Tenía 15 años en 1994 y me había pasado mis vacaciones entre Boca de Camarioca y La Habana, por tanto (como escribí en algún prólogo) cuando Teatro de las Estaciones surgió yo no estaba allí… pero andaba cerca. Este año cumplo 15 ejerciendo como profesora universitaria… y uno crea, sin proponérselo, ciertos rituales para su primer encuentro con los estudiantes.
En el 2005 cuando les preguntaba a mis alumnos de 4to año de la facultad de Arte Teatral qué habían visto de teatro para niños o de teatro de títeres, hacían un gesto social colectivo por única respuesta: todos bajaban la vista. Pero con el tiempo esto comenzó a cambiar, entre el 2010 y 2011, algunos me decían que conocían una o dos obras de Teatro de Las Estaciones. Sin embargo, desde hace unos 5 años empezó a haber una constante a mi tradicional pregunta de iniciación, había una respuesta sintomática, que ilustra un cambio en el estado de las cosas con respecto al títere. Cuando preguntaba qué han visto de tpn y tt se me respondía a coro: “Profe, por supuesto, Teatro de Las Estaciones”. Por eso he tenido que modificar mi ritual hace un par de años.

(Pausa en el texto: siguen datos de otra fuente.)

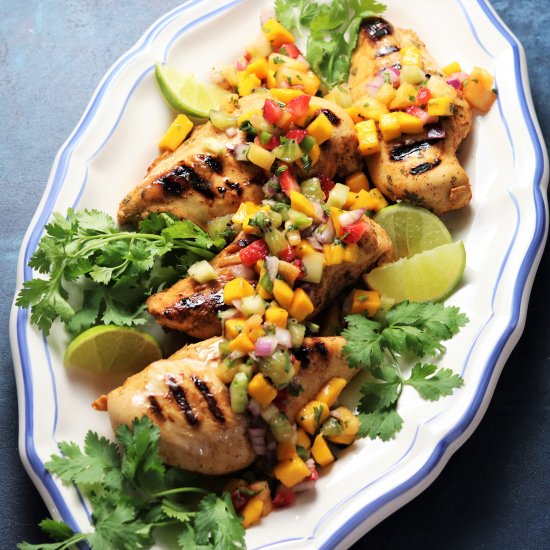 Grilled Tequila Lime Chicken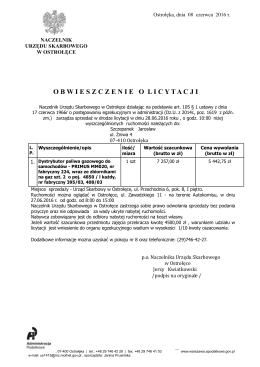 Obwieszczenie o licytacji (plik PDF 399 KB)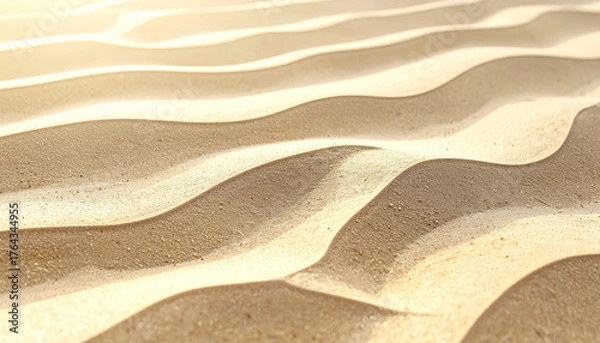 Obraz Golden Sand Dune Symphony: Undulating waves of sand create a mesmerizing dance of light and shadow, evoking a sense of tranquility and the raw beauty of the desert.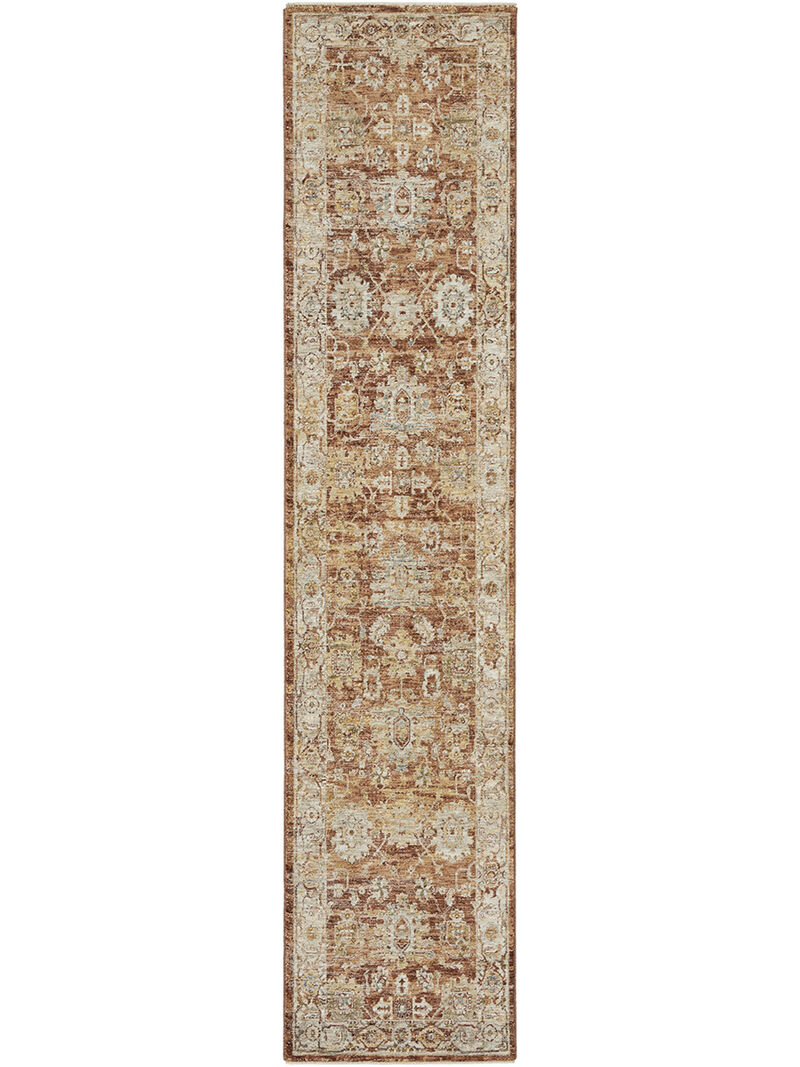 Sahar SHR02 Rust 2'3" x 10'2" Rug image number 0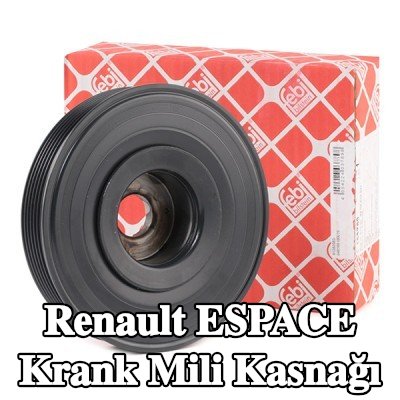FEBI BILSTEIN Krank mili için krank mili kasnağı — 2002 Renault Espace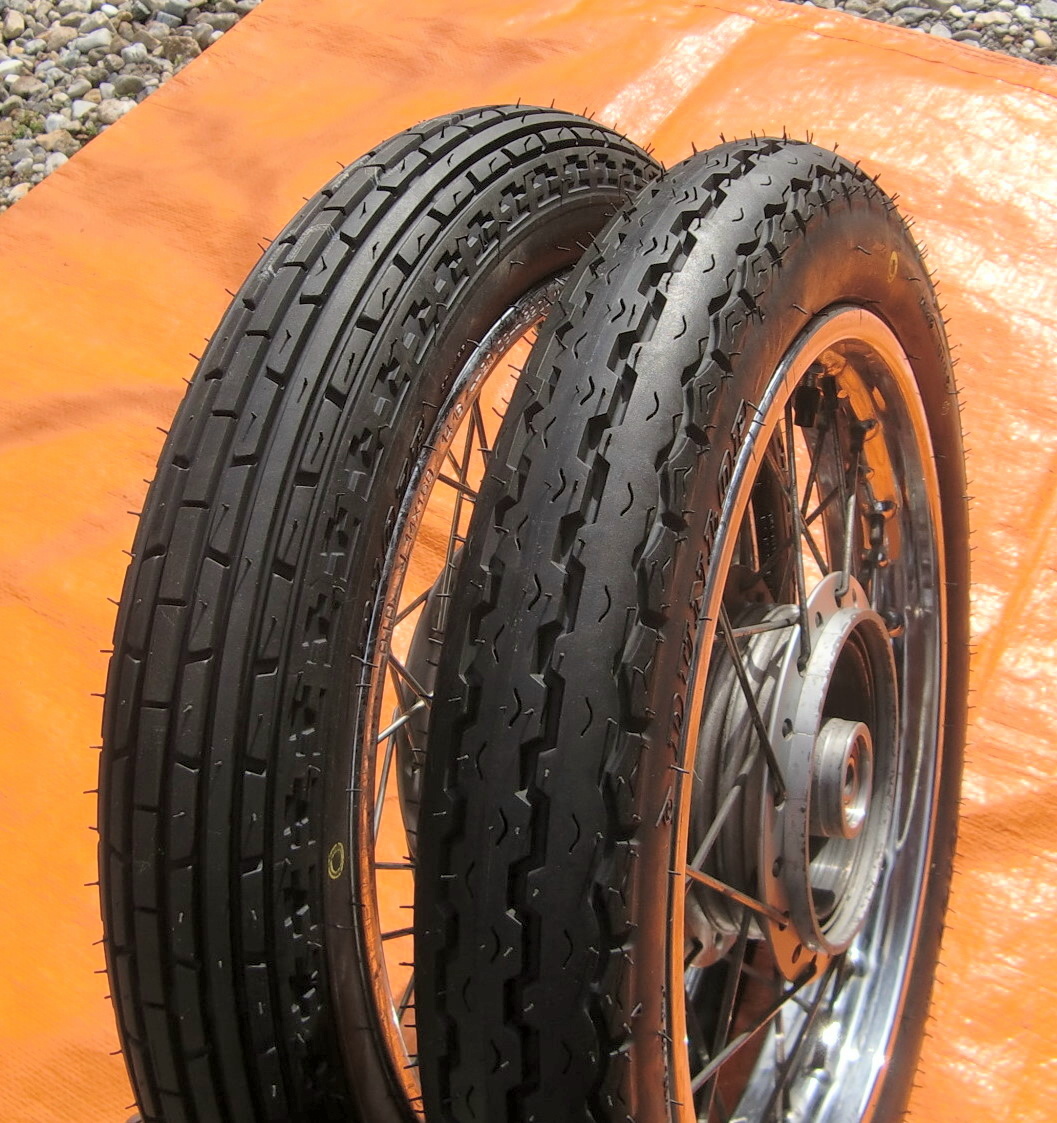 新品タイヤ付】スーパーカブ110プロ(JA07) 前・後ホイール+ブレーキ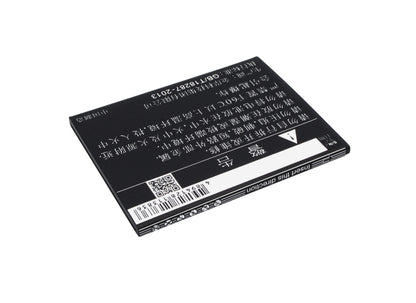 3.7V, 1900mAh, Li-ion Battery fits Zopo, 9515, C2, 7.03Wh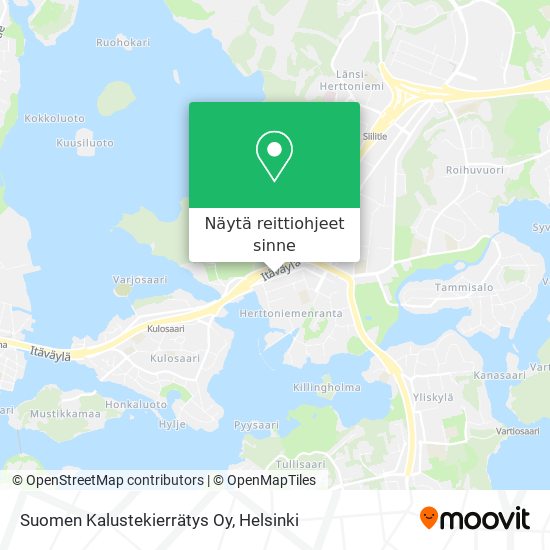 Suomen Kalustekierrätys Oy kartta
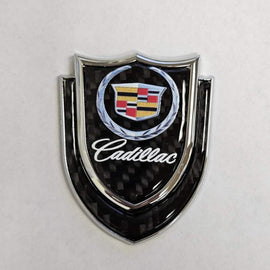 BRAND NEW CADILLAC 1PCS Metal Real Carbon Fiber VIP Luxury Car Emblem Badge Decals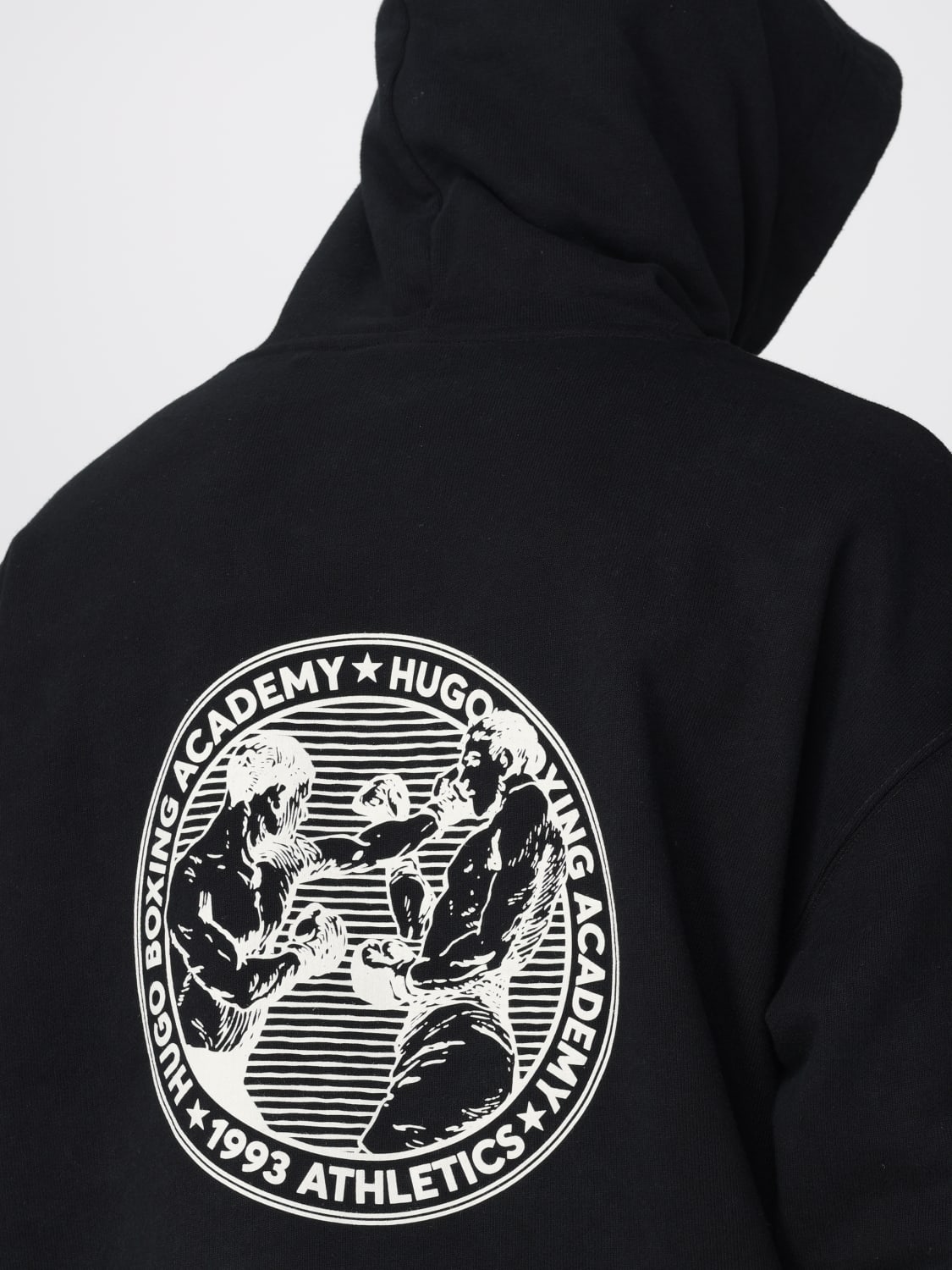 HUGO SWEATSHIRT: Sweatshirt men Hugo, Black - Img 4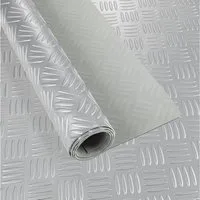 ANRO Vinylboden DIONIS 1,5 mm wasserabweisend für Garage/Keller PVC-Bodenbelag, Feuchtigkeitsbarriere, feine Optik, langlebig, Einzelstück, eine Rolle Bodenbelag, Isolierend und wasserbeständig Größe: 100x100cm Uni Silber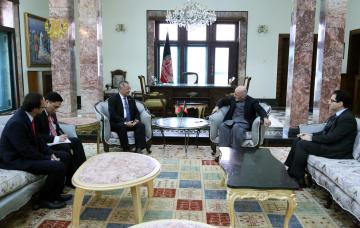 President Ghani Calls For Enhancing Ties with Indonesia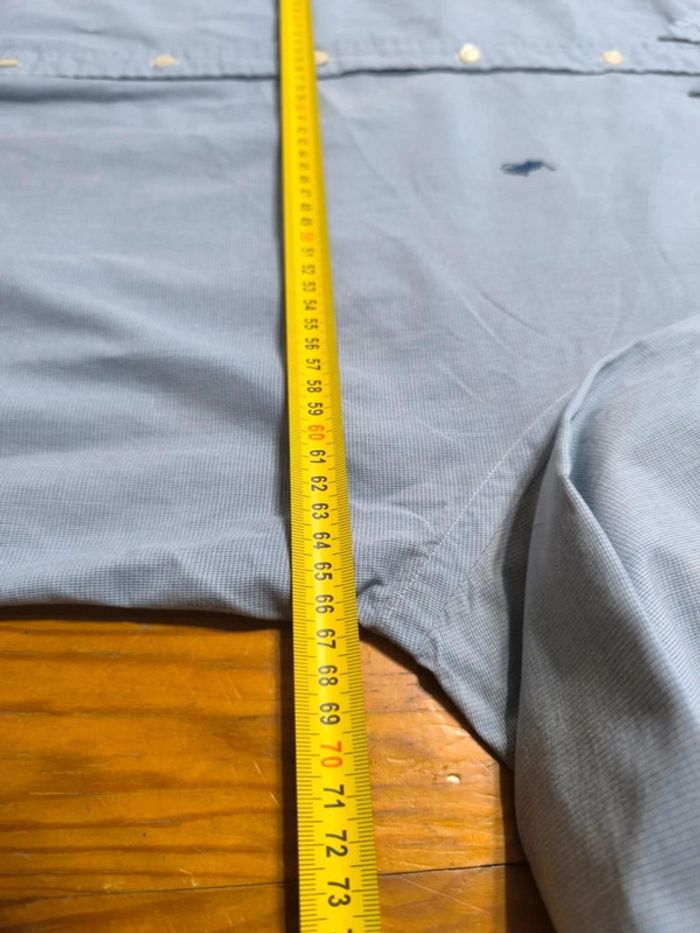 Chemise à carreaux - Ralph Lauren - Lowell Sport - Logo brodé marine - Bleu - Taille XL - photo numéro 15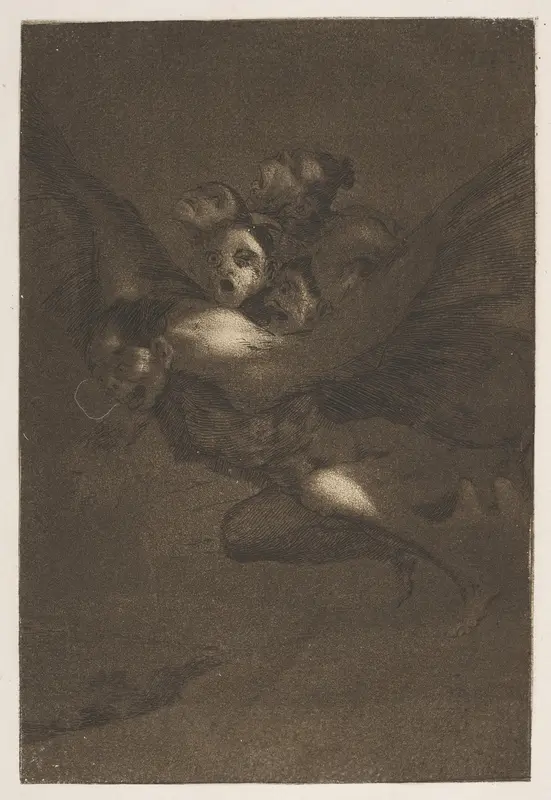 Plate 64 from "Los Caprichos": Bon Voyage (Buen Viage)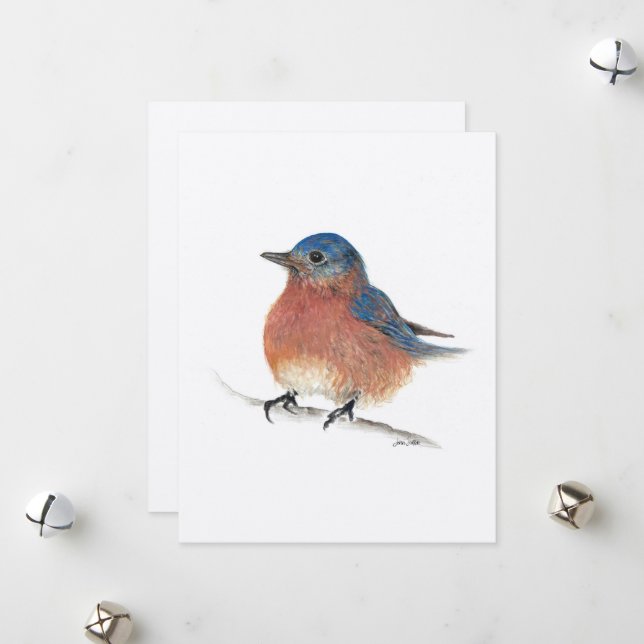 Holiday Blue Bird (Front/Back In Situ)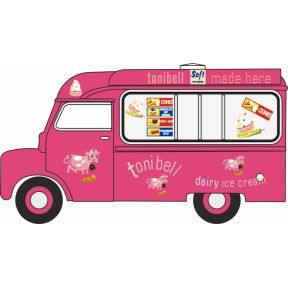 Oxford Diecast 76CA004 OO Gauge Bedford CA Ice Cream Van Tonibell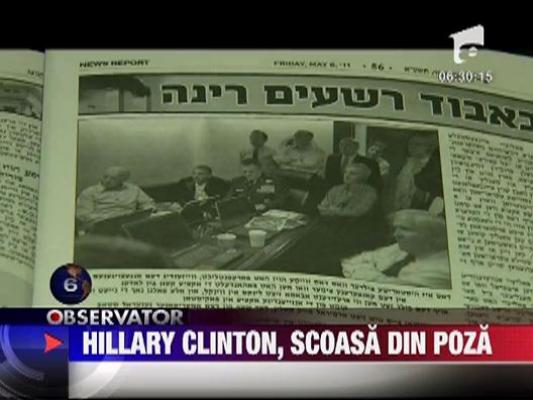 Hillary Clinton, scoasa din poza cu Obama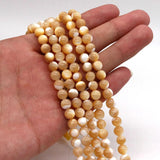 Mother of Pearl Shell Bead Round Spacer Beads for DIY Jewelry Making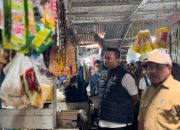 Pastikan Ketersediaan Bahan Pokok, Satgas Pangan Polda PB Sidak di Pasar Tradisional
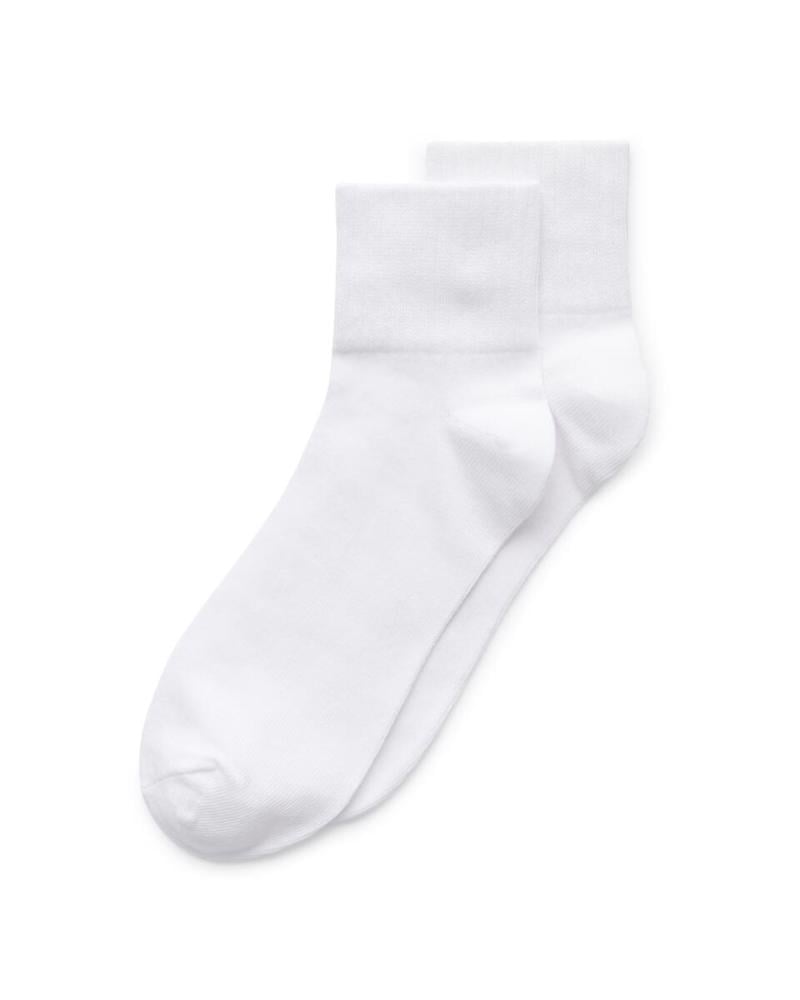 White ECCO Retro Ankle Cut 2-Pack
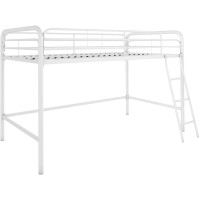 Dhp Jett Junior Twin Metal Loft Bed, White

El primero de septiembre les pregunto a mis alumnos: “Además de Teatro de las Estaciones, qué otras obras han visto de teatro de títeres”. Y, en secreto, dentro de mi pecho de maestra, solo siento un gran orgullo.
[1] Cuento de amor en un Barrio Barroco (2014), Los dos Príncipes (2016) Retrato de un niño llamado Pablo (2018) y Todo está cantando en la vida (2019)
[2] El irrepresentable paseo de Buster Keaton (2014)
[3] El Retablillo de Don Cristóbal y la Señá Rosita (2017)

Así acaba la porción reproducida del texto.